**Recorded data:**

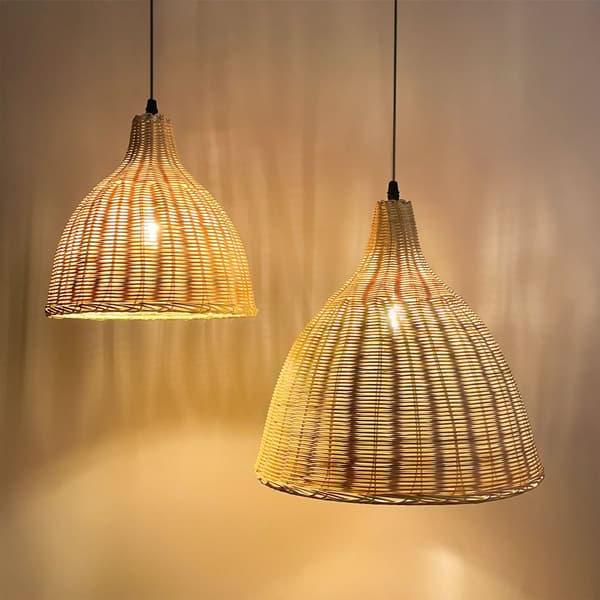 Taklampa PendelBoho App1645-1Cp Beige
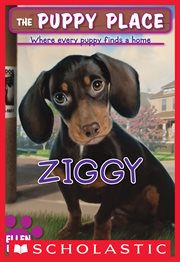 Ziggy : Ziggy (The Puppy Place #21) cover image cdn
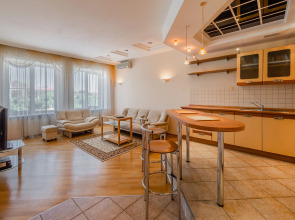 Апартаменты на Красноармейской 75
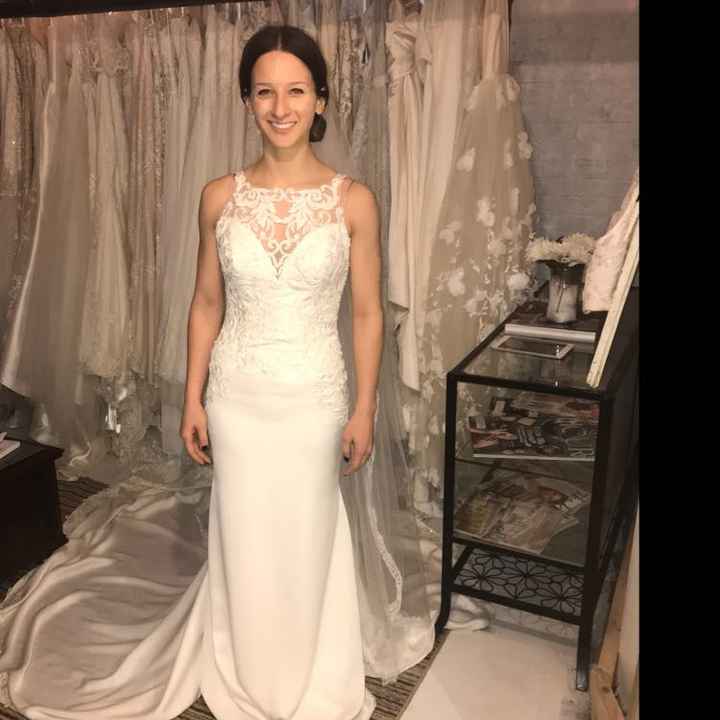 Which wedding dress should i choose? - 1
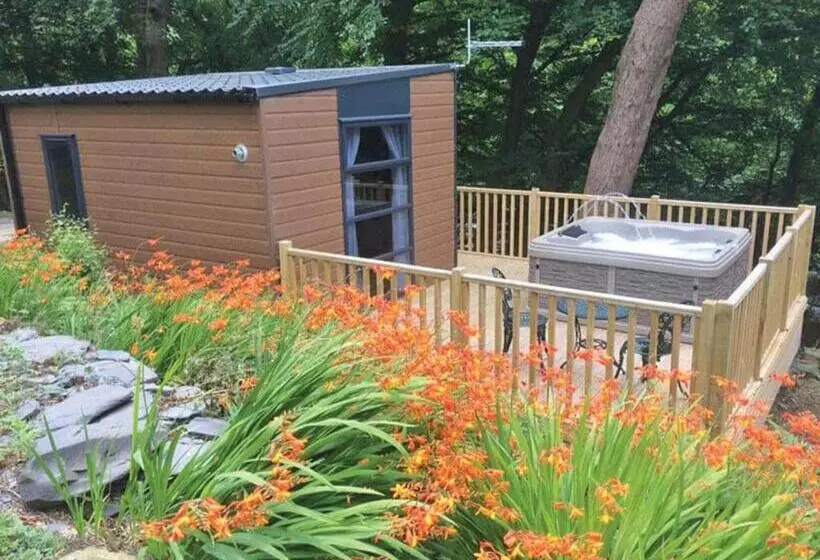 Lomakeskus Ogwen Bank Caravan And Lodge Park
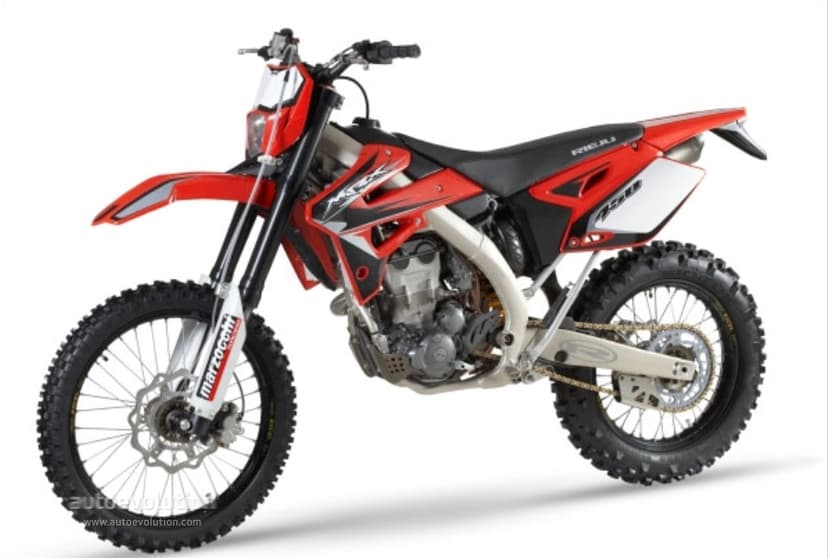 Rieju motors RIEJU MOTORS MRX - 1
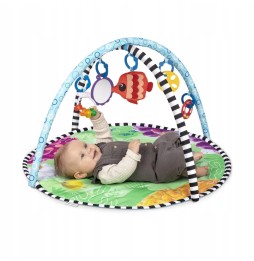 Mata edukacyjna wodna 2w1 Baby Einstein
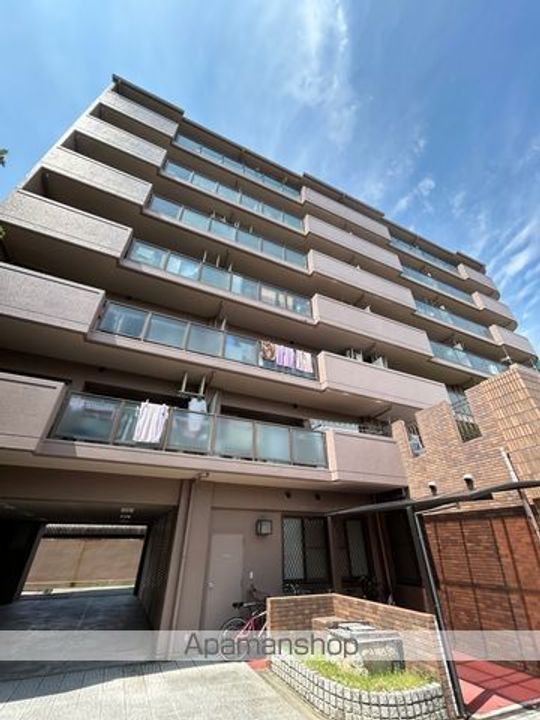 コーポレイトハウスダイリン501の外観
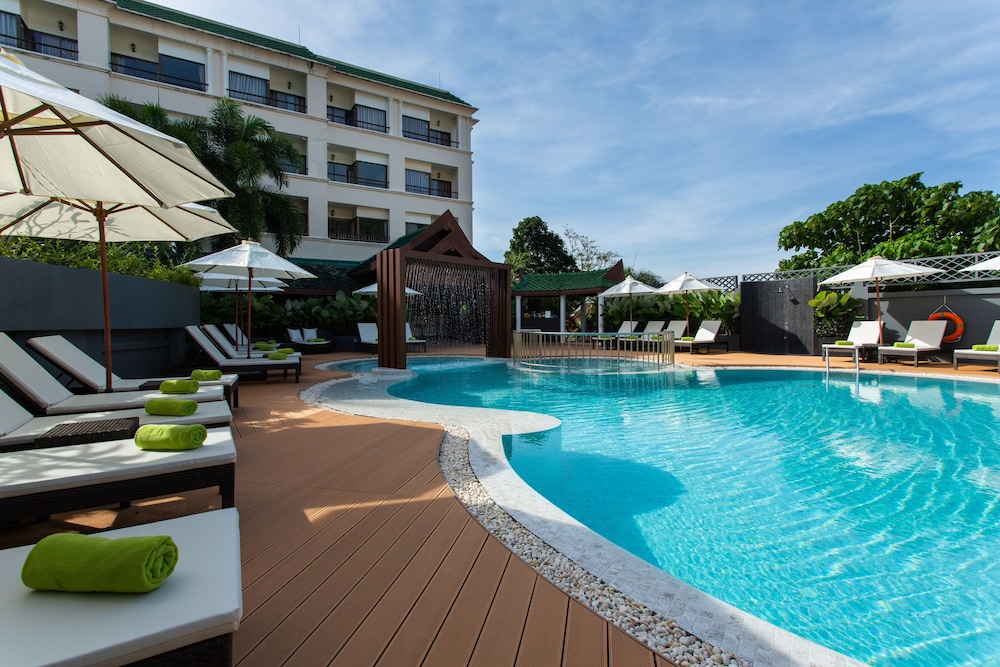 Krabi Heritage Hotel — Main photo in Ao Nang, Krabi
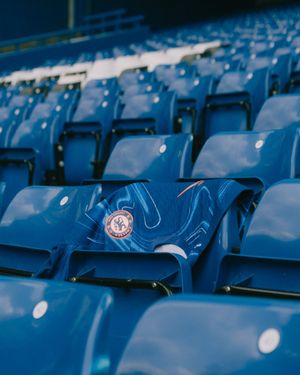Image post by @ChelseaFC on Twitter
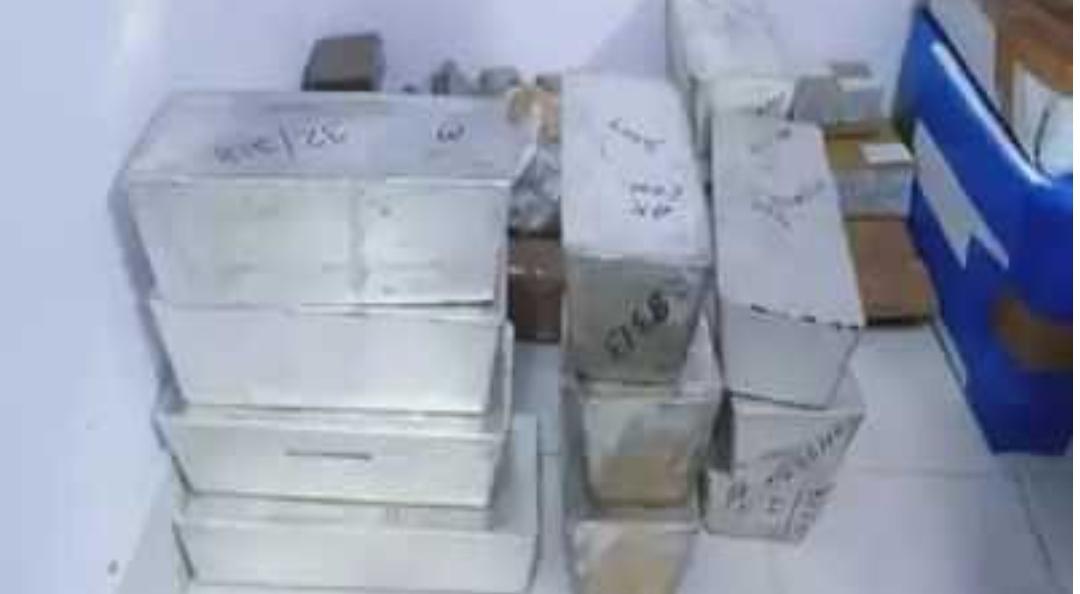 1200 kg silver found from passenger bus in Rajasthan, who does not know the owner of this treasure, police is doing..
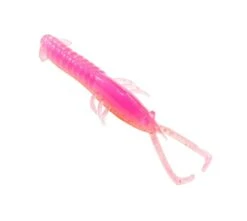 Z-Man Trout Trick Jerk ShrimpZ 4 Inch Soft Plastic Shrimp 5 Pack -Discount Tackle 12546471591991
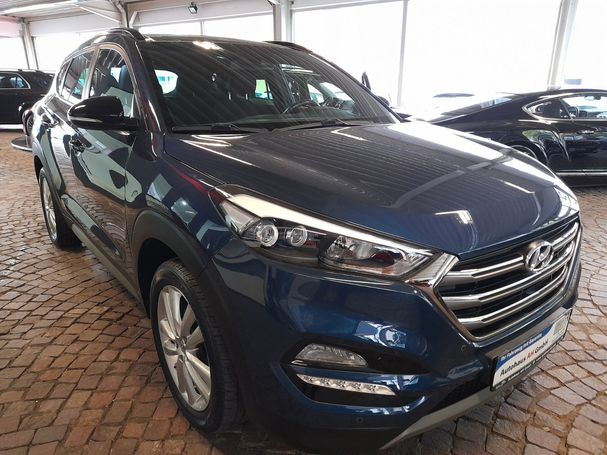 Hyundai Tucson 2WD Passion 130 kW image number 10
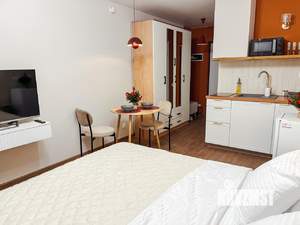 Студия квартира, посуточно, 20м2, 9/10 этаж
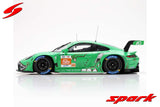 1:18 2023 24h Le Mans -- #56 "REXY" Porsche 911 GT3 R (992) -- Spark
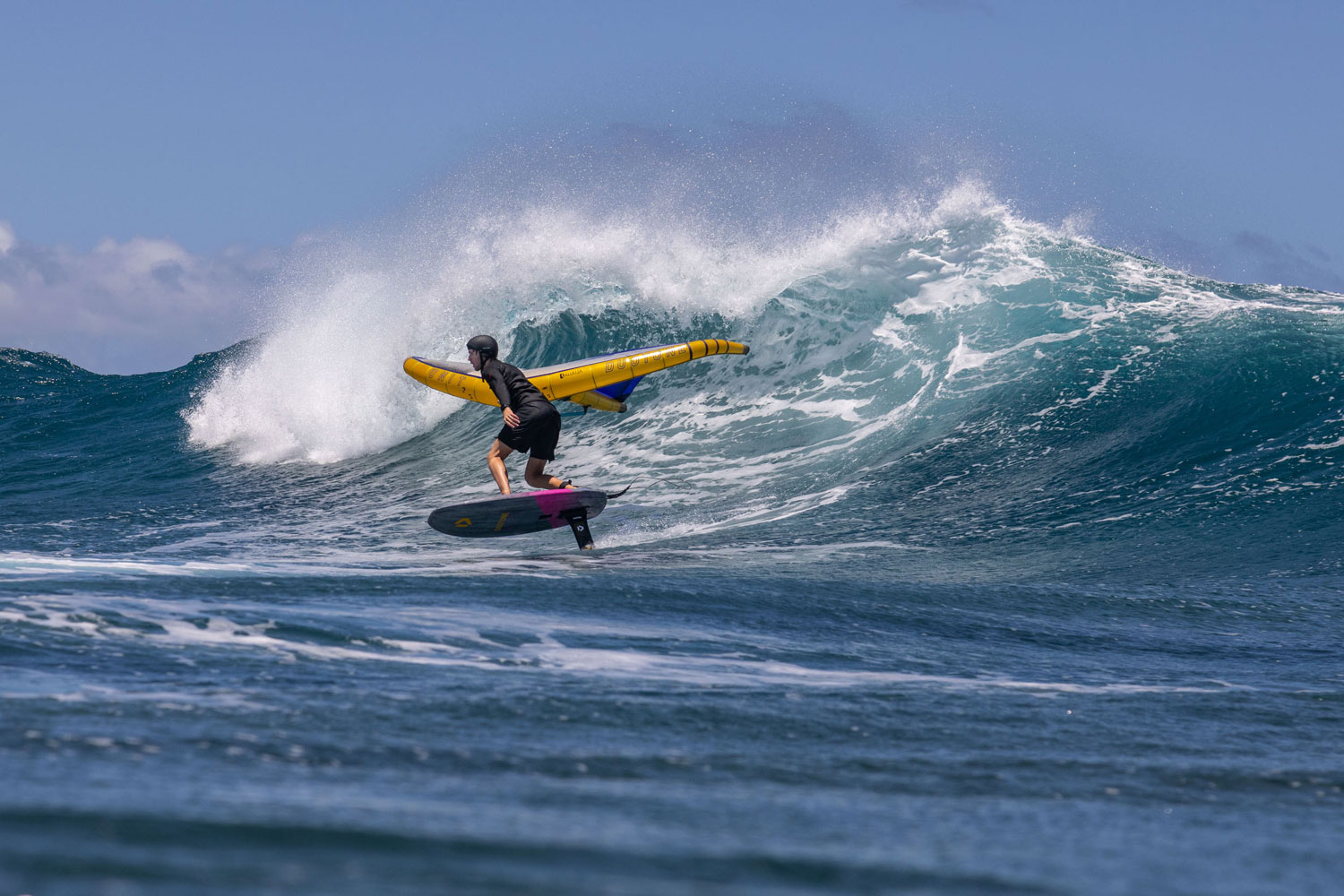 Aile wing Duotone Unit D/LAB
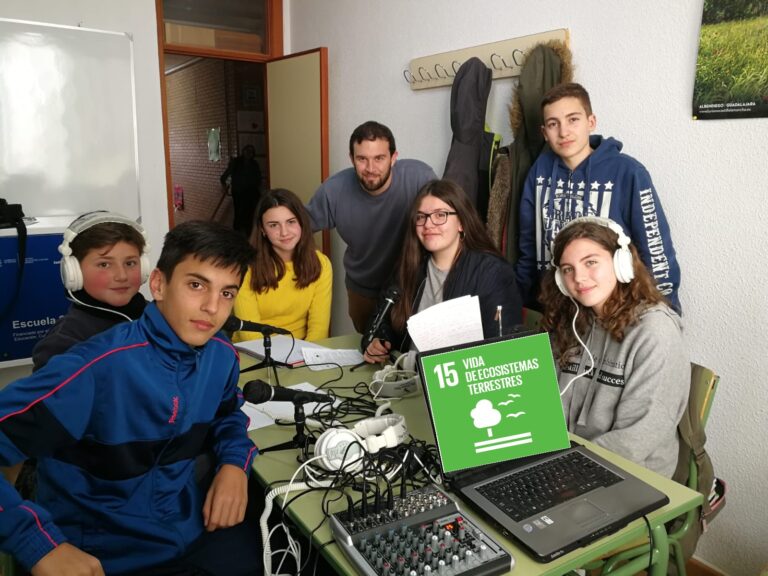 Programa 2 Radio Beneche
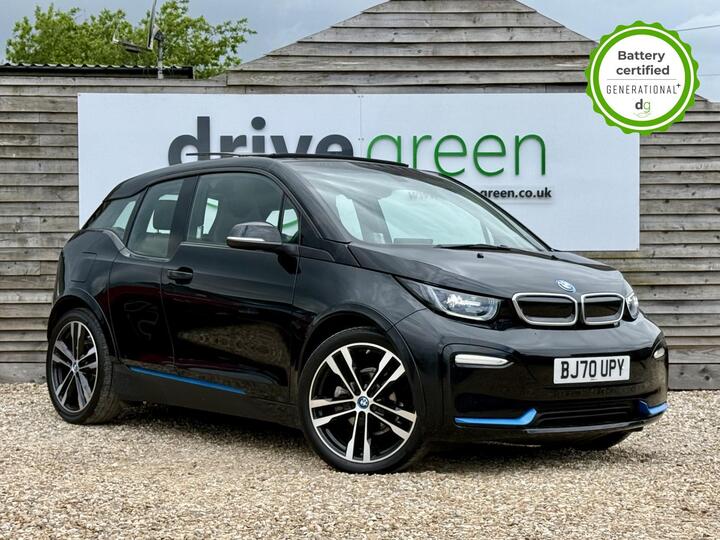 BMW I3 42.2kWh S Auto 5dr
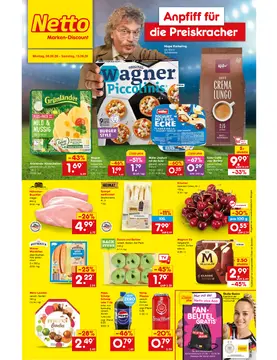 Netto Marken-Discount DE folder voorblad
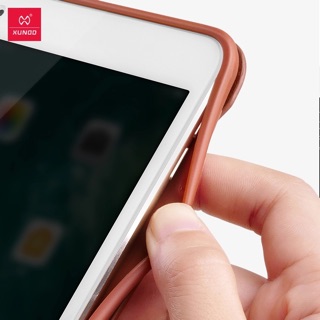 Bao da ipad cao cấp XUNDD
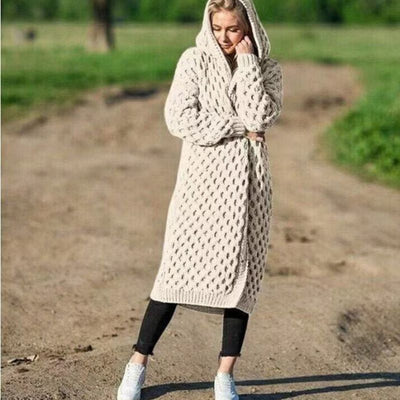 Stylische und Warme Strickjacke für Damen Juul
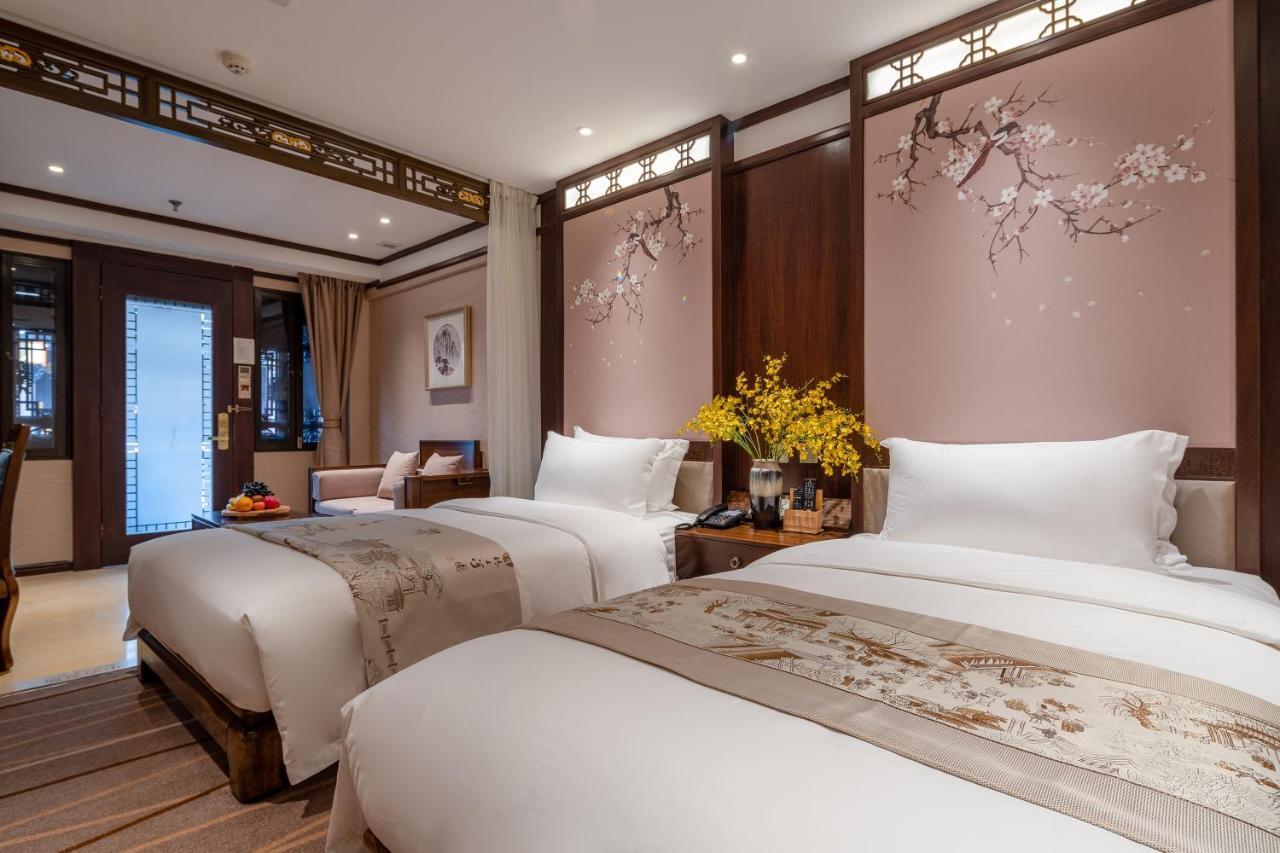 Doof Resort Hotel Lijiang  Eksteriør bilde
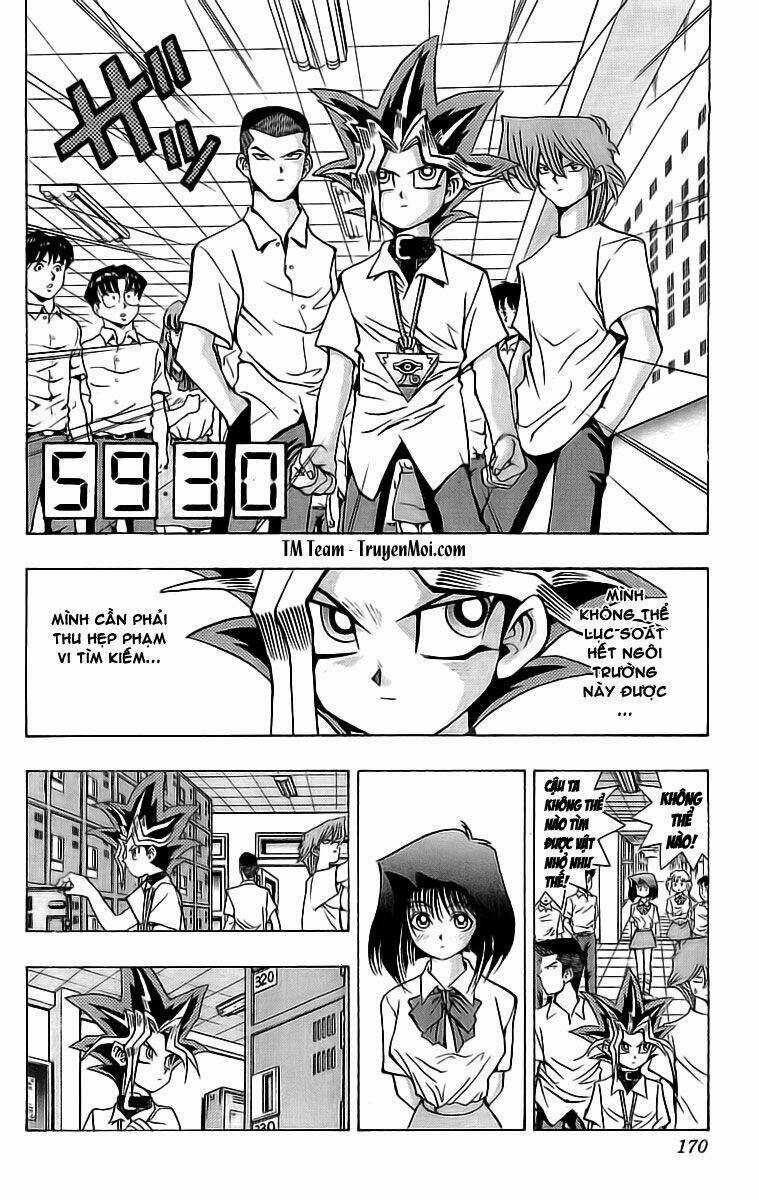 Vua Trò Chơi - Chapter 41 - Trang 17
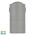 Tivah Silver TRI Colour Fixed Down Wall Pillar Lights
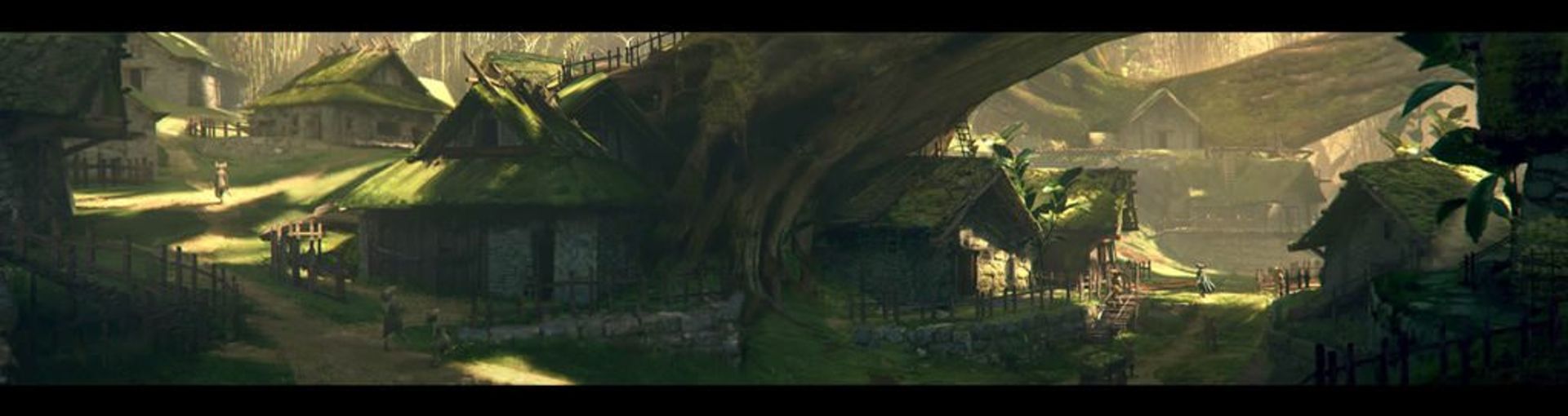 فیلم Mouse Guard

**Task statement:**
Each line from the one that contains "Rieju motors RIEJU MOTORS MRX - 1" down to the one that contains "Tivah Silver TRI" is to be returned exactly as it stands above, both ends included, with pictures removed.

**Expected answer:**
 Rieju motors RIEJU MOTORS MRX - 1
 Mata edukacyjna wodna 2w1 Baby Einstein
 コーポレイトハウスダイリン501の外観
 Krabi Heritage Hotel — Main photo in Ao Nang, Krabi
Image post by @ChelseaFC on Twitter
 1200 kg silver found from passenger bus in Rajasthan, who does not know the owner of this treasure, police is doing..
 Z-Man Trout Trick Jerk ShrimpZ 4 Inch Soft Plastic Shrimp 5 Pack -Discount Tackle 12546471591991
 Hyundai Tucson 2WD Passion 130 kW image number 10
 Студия квартира, посуточно, 20м2, 9/10 этаж
 1:18 2023 24h Le Mans -- #56 "REXY" Porsche 911 GT3 R (992) -- Spark
 Aile wing Duotone Unit D/LAB
 Programa 2 Radio Beneche
 BMW I3 42.2kWh S Auto 5dr
 Netto Marken-Discount DE folder voorblad
 Bao da ipad cao cấp XUNDD
 Stylische und Warme Strickjacke für Damen Juul
 Doof Resort Hotel Lijiang  Eksteriør bilde
 Vua Trò Chơi - Chapter 41 - Trang 17
 Tivah Silver TRI Colour Fixed Down Wall Pillar Lights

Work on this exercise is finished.